The input:
"""
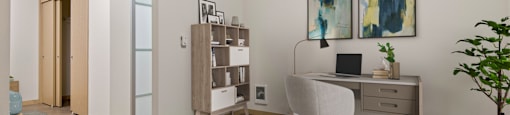 A room with a desk, chair, and a plant.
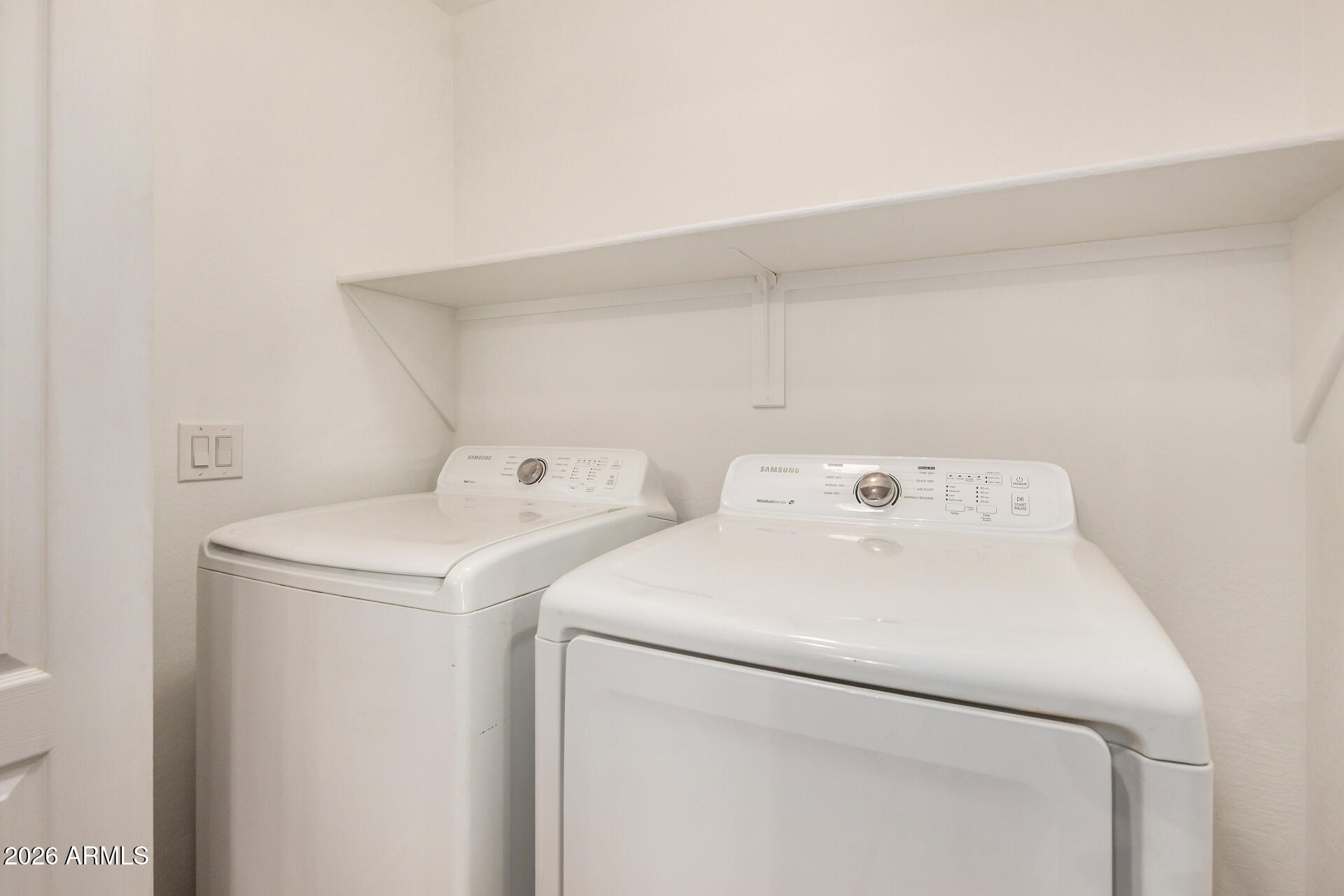 1784 South Seton Avenue Gilbert, AZ 85295 - Photo 20 of 27 a utility room with dryer and washer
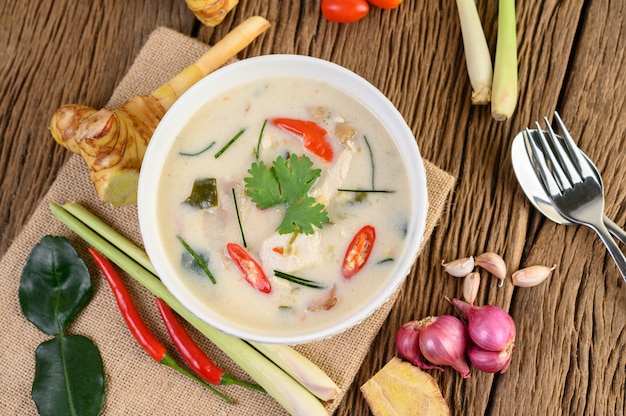 Kostenloses Foto tom kha kai in einer schüssel mit kaffirlimettenblättern, zitronengras, roten zwiebeln, galangal und chili.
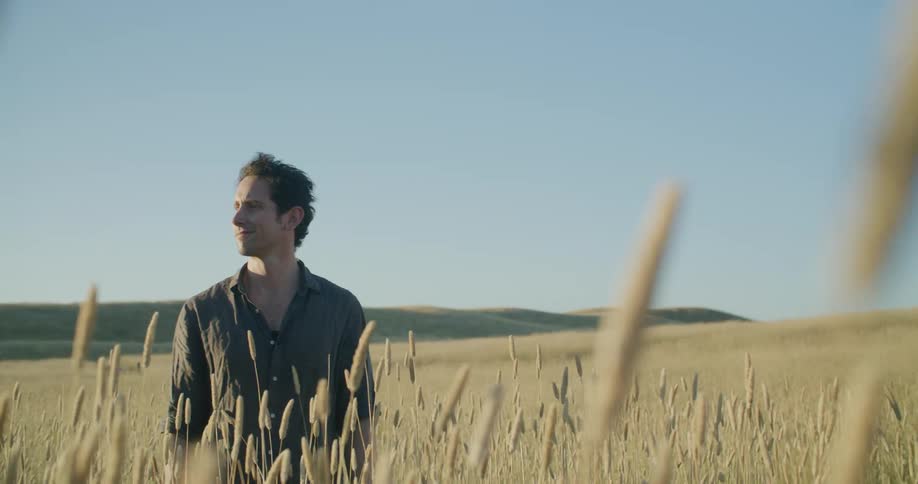 A man stands in a field looking around and smiling
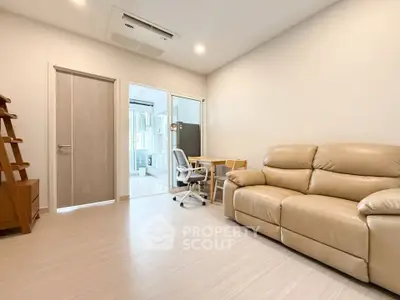 Modern living room with beige leather sofa and study area, perfect for relaxation and work.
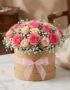 Arreglo floral GIADA con 12 rosas frescas rosadas y crema en una caja redonda de cartón con lazo rosa, ideal para regalo.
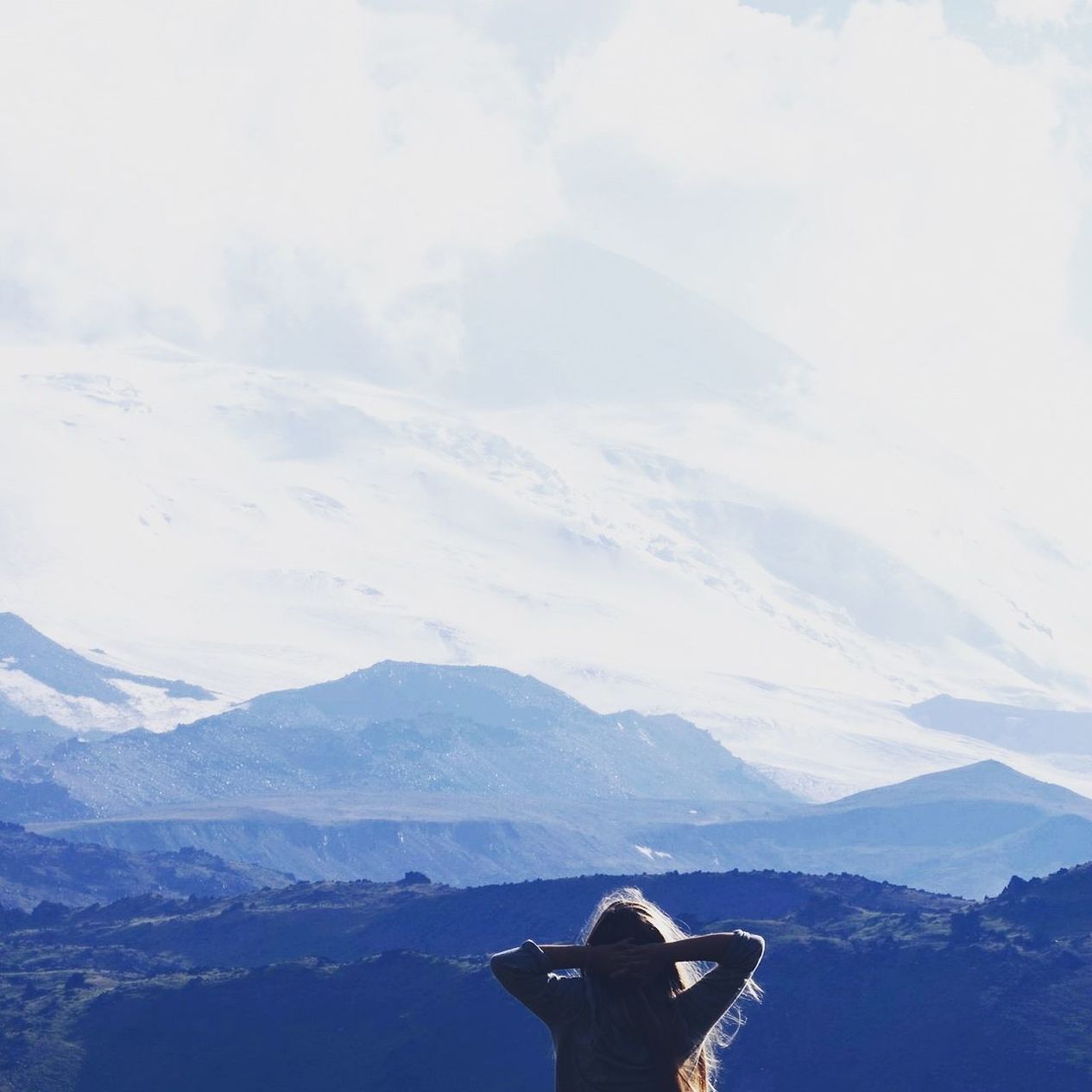 REAR VIEW OF MAN STANDING ON SNOW COVERED MOUNTAIN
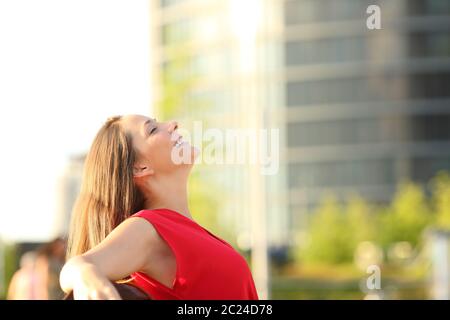 Side view portrait of a happy woman in red, respirant profondément l'air frais assis sur un banc dans la rue Banque D'Images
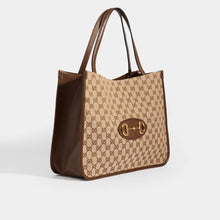 Load image into Gallery viewer, Side view of the GUCCI 1955 Horsebit Tote Bag in Brown GG Supreme Canvas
"""
After locating the line containing "A man stands" in the entries above, repeat only it and each later line through the end, exactly, without any pictures.

Solution:
 A man stands in a field looking around and smiling
 Modern living room with beige leather sofa and study area, perfect for relaxation and work.
 Arreglo floral GIADA con 12 rosas frescas rosadas y crema en una caja redonda de cartón con lazo rosa, ideal para regalo.
 REAR VIEW OF MAN STANDING ON SNOW COVERED MOUNTAIN
 Side view portrait of a happy woman in red, respirant profondément l'air frais assis sur un banc dans la rue Banque D'Images
 Load image into Gallery viewer, Side view of the GUCCI 1955 Horsebit Tote Bag in Brown GG Supreme Canvas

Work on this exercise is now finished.